Still, bad streaks are piling up. In a little over a month, the S&P 500 has fallen five days in a row three different times, a clustering of pain that has no precedent since 1984. The Nasdaq 100 is at risk of dropping for three straight months. As tech stocks slump, groups that had previously picked up the slack have faltered. This week, energy and bank shares both led the way down on separate days.

In Leaderless Stock Market, Gains Are Proving Hard to Maintain

"The turn in psychology oftentimes has happened just because the markets tend to swing, the pendulum tends to swing,” said Mark Heppenstall, the chief investment officer at Penn Mutual Asset Management. “It seems to be swinging the other way.”

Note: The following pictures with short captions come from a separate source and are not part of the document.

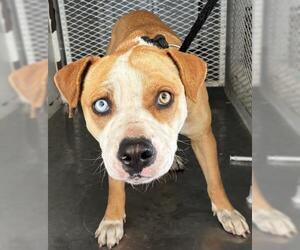 Mutt Dogs for adoption in Bakersfield, CA, USA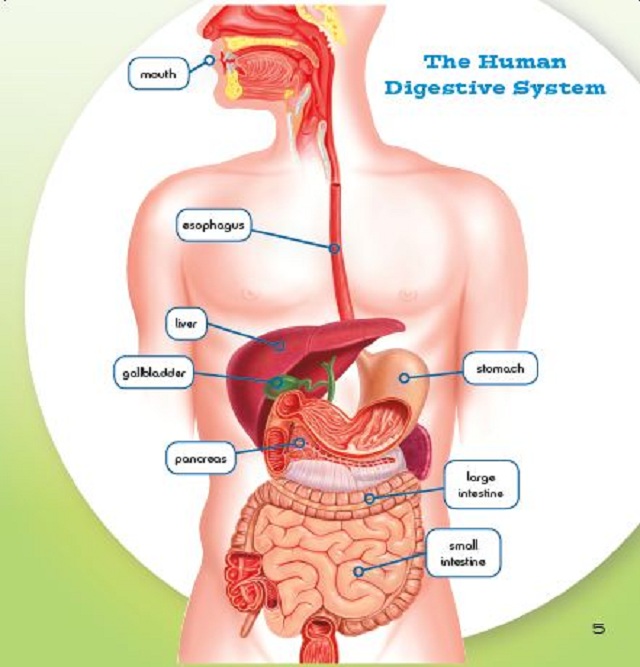 Your Digestive System 4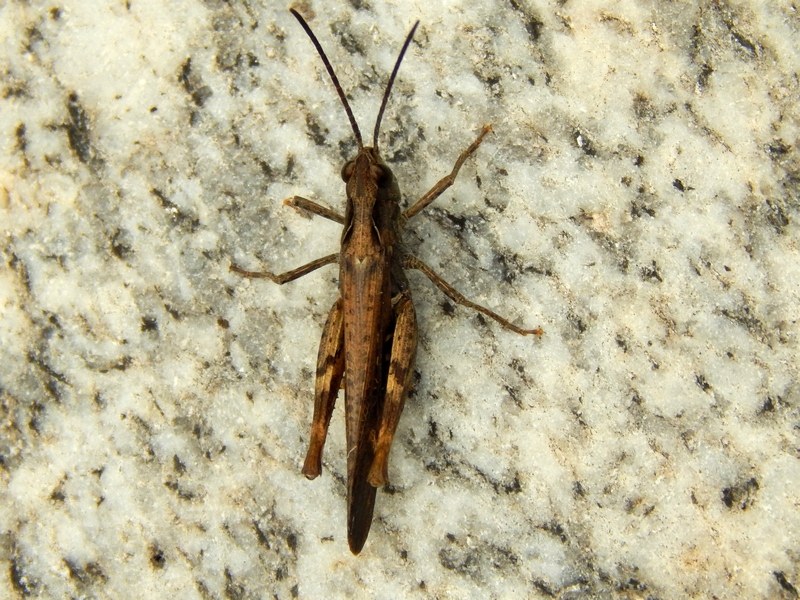 Acrididae: Chorthippus cf. brunneus e Acrotylus patruelis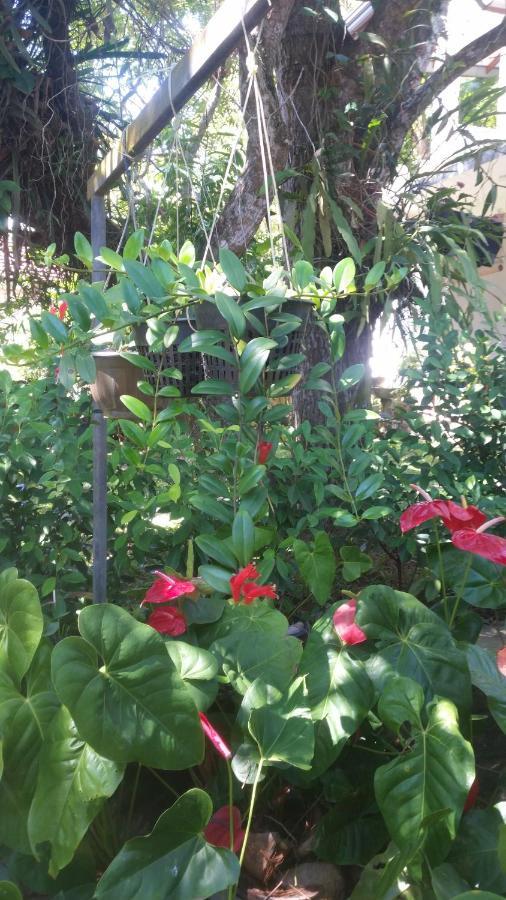 Homestay The Ed Corner - Hiriketiya Dickwella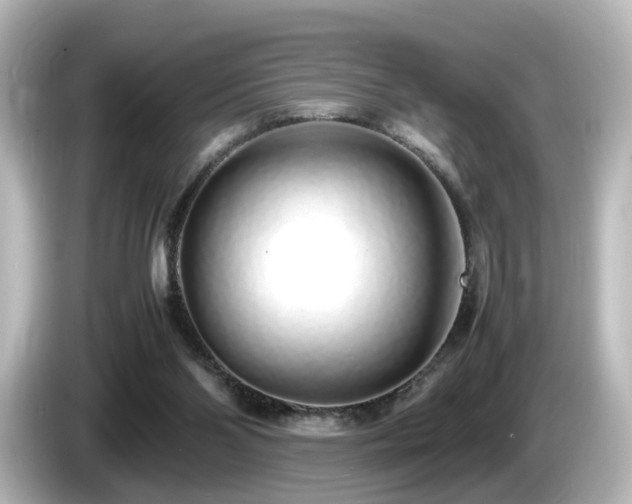 X0000085780110200703161215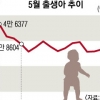 5월 출생아 1년새 8% ‘뚝’… 3만명 붕괴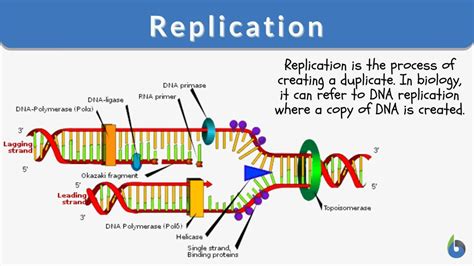 what does replicate mean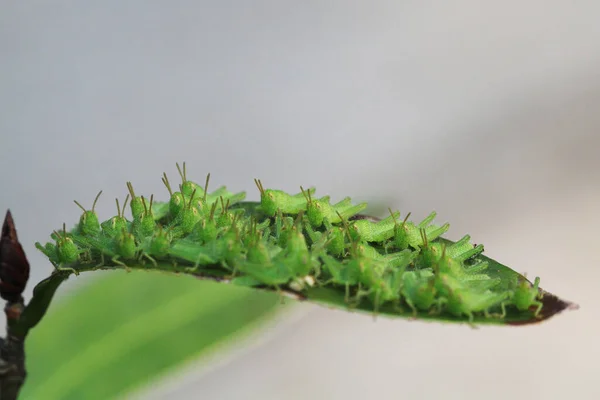 Full Grasshoper Leaf Nature Concept — Stock Photo, Image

Nowhere is shifting sentiment more evident than in the attitude toward earnings. While third-quarter income growth was robust, executives are a lot less optimistic on the outlook. Over the past three months, firms saying sales will miss analyst estimates outnumbered those saying they’ll exceed them by the most since 2009, data compiled by Evercore ISI showed.

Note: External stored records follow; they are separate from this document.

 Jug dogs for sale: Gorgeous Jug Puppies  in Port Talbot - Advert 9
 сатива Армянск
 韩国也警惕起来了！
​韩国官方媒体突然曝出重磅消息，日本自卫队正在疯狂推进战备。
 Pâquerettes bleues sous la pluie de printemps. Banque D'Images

The S&P 500 slipped 1.6 percent this week, the loss trimmed by an off-again, on-again rally on Friday that came after Donald Trump said he was optimistic about resolving the trade dispute with China. The S&P 500 erased two different rallies following the president’s comments before finally finishing 0.2 percent higher.

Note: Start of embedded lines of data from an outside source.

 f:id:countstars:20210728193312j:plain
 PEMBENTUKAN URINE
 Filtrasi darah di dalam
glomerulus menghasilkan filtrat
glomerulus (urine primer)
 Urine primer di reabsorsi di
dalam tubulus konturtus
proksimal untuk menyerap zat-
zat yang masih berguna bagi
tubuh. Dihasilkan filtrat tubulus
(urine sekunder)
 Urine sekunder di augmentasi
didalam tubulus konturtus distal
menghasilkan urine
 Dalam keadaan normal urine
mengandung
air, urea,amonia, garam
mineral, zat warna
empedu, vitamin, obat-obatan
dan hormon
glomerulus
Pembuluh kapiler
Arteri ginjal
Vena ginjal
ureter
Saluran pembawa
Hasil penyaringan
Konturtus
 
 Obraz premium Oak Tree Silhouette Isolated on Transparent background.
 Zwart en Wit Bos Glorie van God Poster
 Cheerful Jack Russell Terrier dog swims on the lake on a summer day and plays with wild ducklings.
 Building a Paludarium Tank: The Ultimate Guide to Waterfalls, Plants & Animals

Get used to the volatility, says Barry Bannister, equity strategist at Stifel Nicolaus. Neither a cooling in tariff rhetoric nor even a more dovish Federal Reserve is likely to keep the market aloft. An agreement with China is unlikely to improve the trade imbalance between the world’s two largest economies and interest rates are already too high for the S&P 500 to care about a softer stance by the Fed, said Bannister.

As evidenced Friday, any sign of progress in the U.S.-China trade disputes can still lift markets. This week, White House economic adviser Larry Kudlow said the two sides have resumed contact "at all levels" over trade. And Chinese officials have outlined to the Trump administration potential concessions as they continue to try to resolve the trade tiff.

In Leaderless Stock Market, Gains Are Proving Hard to Maintain

Among other potential catalysts, analysts are expecting a monster U.S. holiday shopping season, with consumer confidence high and median wages on the rise. But peak Christmas is making investors jittery and some are asking if this is as good as it gets. Will this year’s colossal shopping season mark the end of a relatively benign period for American retailers, where sky-high expectations have risen to levels that some chains will struggle to hit?

The market has been acting like expectations are too high. Most of this week’s losses happened Monday, when concern about demand for Apple Inc.’s iPhone sent the Nasdaq 100 down almost 3 percent. That kind of decline is becoming a regular occurrence in late 2018. It’s notable that even with that kind of volatility, most major indexes remain higher on the year.

“I can’t believe we’ve had two 10 percent corrections this year and neither one of them has caused a panic -- and that’s surprising that it hasn’t,” said Jim Paulsen, chief investment strategist at Leuthold Weeden Capital. “It shows you how much the good profits story and good economics has kept people optimistic. If that fades too now, that optimism might go with it. At the end of the day, it’s still a gut call."